I sweat, drag my feet, and fail to follow in the leader’s footsteps. The ferox slow down, letting me grab ragged breath from the hot desert air. When I’ve finished vomiting a thin sour stream, which is all that fills my stomach, the youngster hauls me to my feet and the march begins again.
“Tell me why,” I say to one after another.
Their answers are strange, oblique.
I cut myself harder, and burn myself more sharply, but their words still hover on the edge of meaning.
Flamefire, says Youngster, but it means nothing to me.
Those pieces, which looked ragged when we ripped them from the walls of the armory, fit perfectly into the entrance of the main warren, across a turn of tunnel behind this, and into a gap where the walls narrow a hundred paces after that.
Not fit close enough to jam into place: They fit perfectly, every bulge in the wall matched by a curve in a slab of ceramic. No mortar is needed, because every tunnel narrows at exactly the point chosen. The ferox simply haul the ceramic slabs upright and use brute force and that natural narrowing to fix each slab into place.

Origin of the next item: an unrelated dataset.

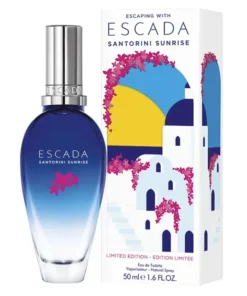 Escada Santorini Sunrise Eau de Toilette Spray 50 ml Edizione limitata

Only seeing it prevents me from believing it impossible. And even then, while describing what is happening to Anna, I find myself wondering if what I’m saying is really true.
Done, says the youngster.
He seems happier than I’ve seen him in weeks.
Eat, sleep, get strong. Now we wait.
The youngster trundles away, and when I next see him he’s curled up on the edge of a rock pool, letting a thin trickle of water wash across his fur. He’s snoring, loudly.